### [About this exercise]
Output the lines from the one holding "Ligne Roset Light" to the end of the entries that follow, exactly and only those, minus any pictures.

START Extracted records

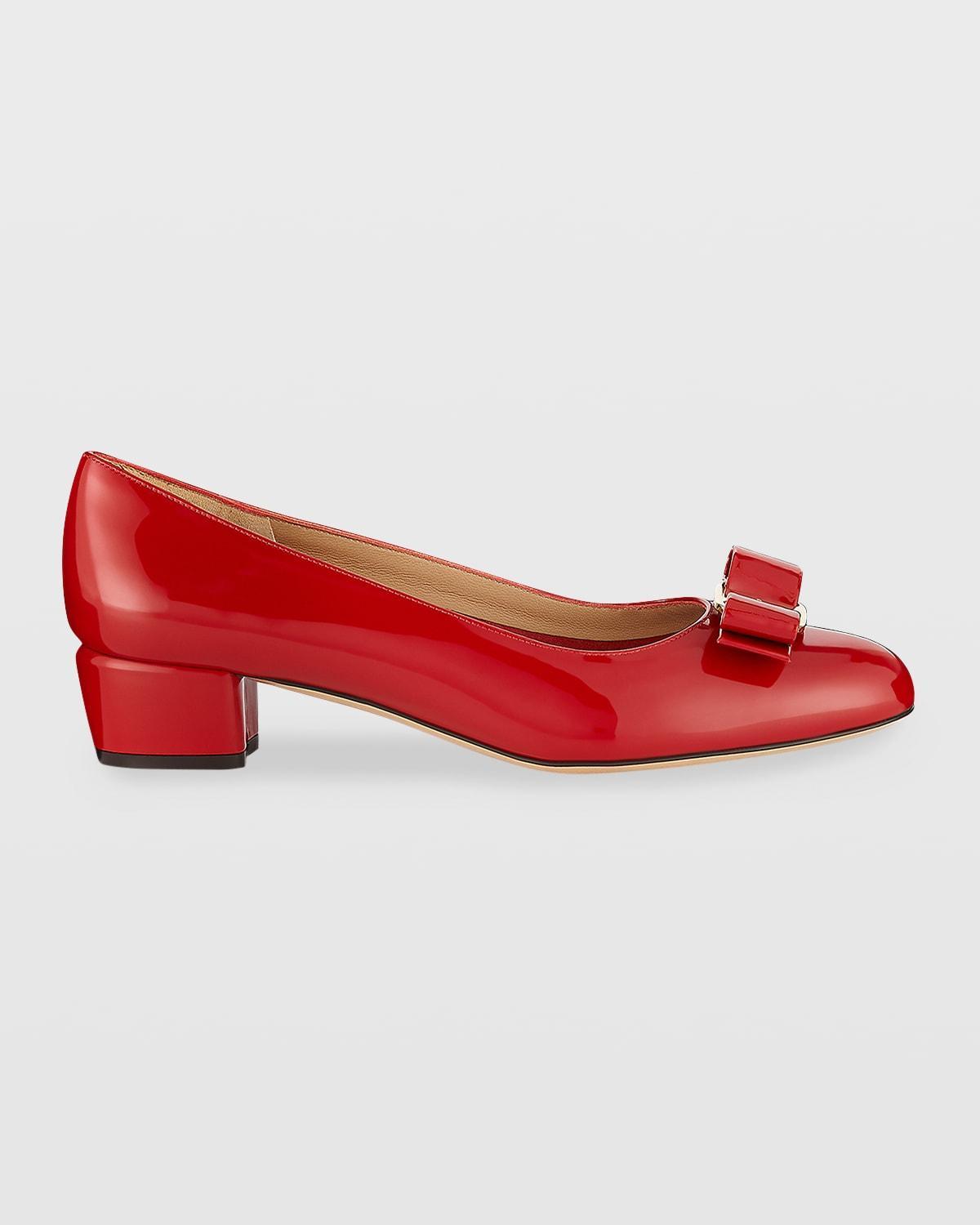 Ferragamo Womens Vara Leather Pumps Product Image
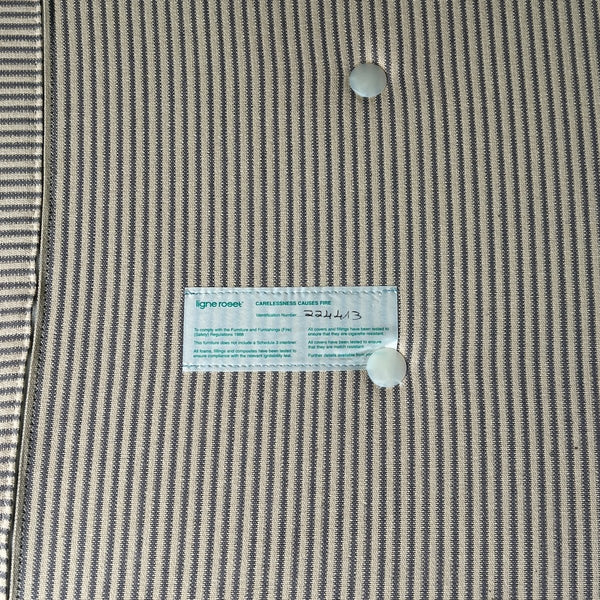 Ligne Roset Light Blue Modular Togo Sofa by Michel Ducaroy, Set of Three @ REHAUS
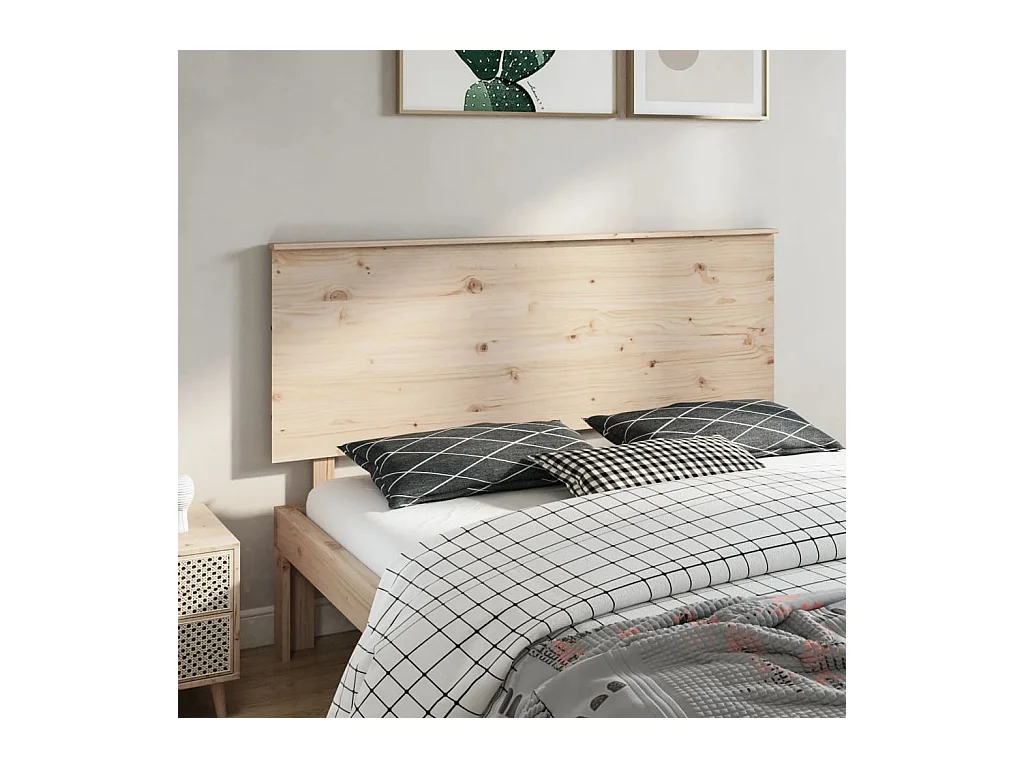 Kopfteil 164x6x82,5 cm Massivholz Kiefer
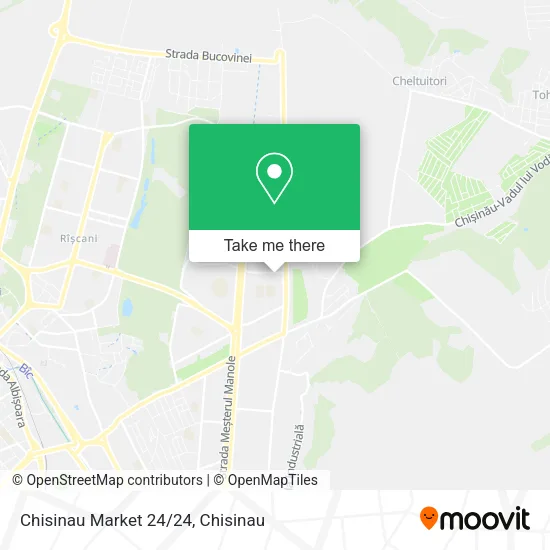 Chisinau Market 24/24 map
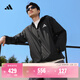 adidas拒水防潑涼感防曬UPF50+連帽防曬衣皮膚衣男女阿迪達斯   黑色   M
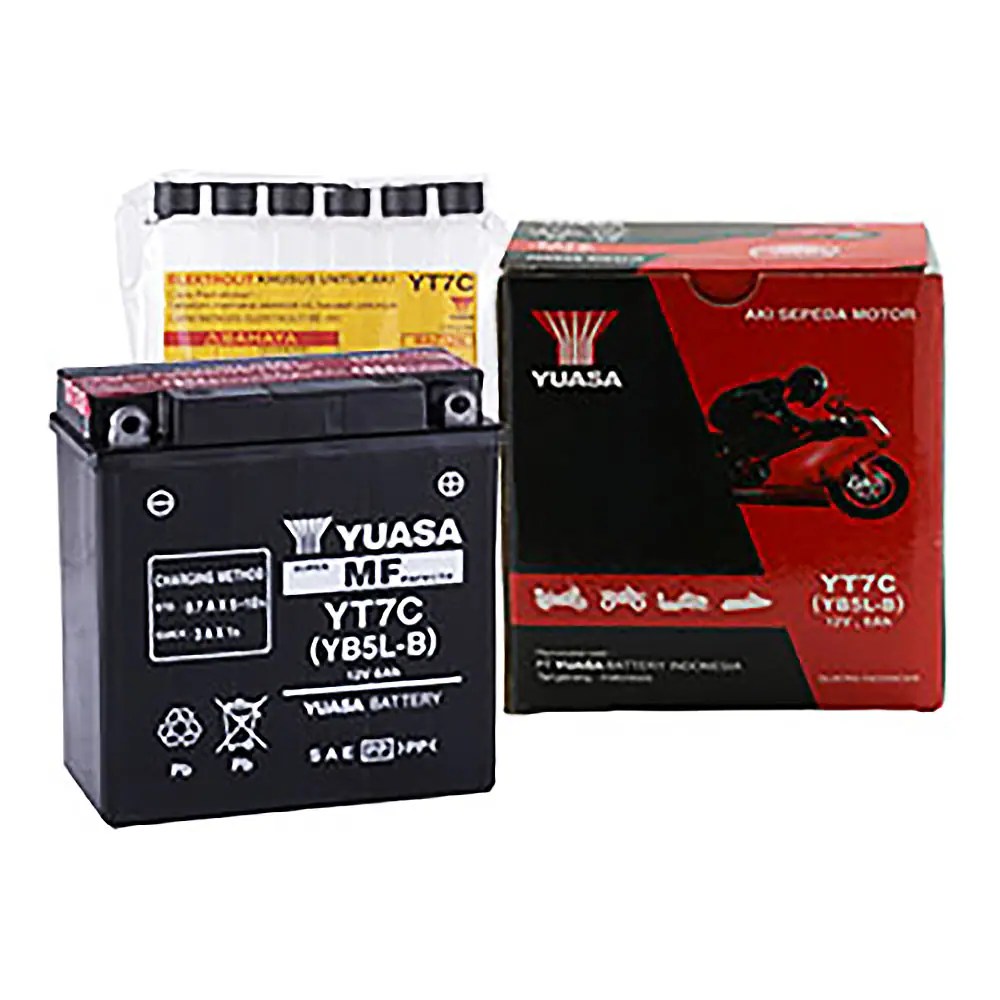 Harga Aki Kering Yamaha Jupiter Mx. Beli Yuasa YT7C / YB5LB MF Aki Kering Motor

END Extracted records

### [Result below]
 Ligne Roset Light Blue Modular Togo Sofa by Michel Ducaroy, Set of Three @ REHAUS
 Kopfteil 164x6x82,5 cm Massivholz Kiefer
 Chisinau Market 24/24 map
 adidas拒水防潑涼感防曬UPF50+連帽防曬衣皮膚衣男女阿迪達斯   黑色   M
 Harga Aki Kering Yamaha Jupiter Mx. Beli Yuasa YT7C / YB5LB MF Aki Kering Motor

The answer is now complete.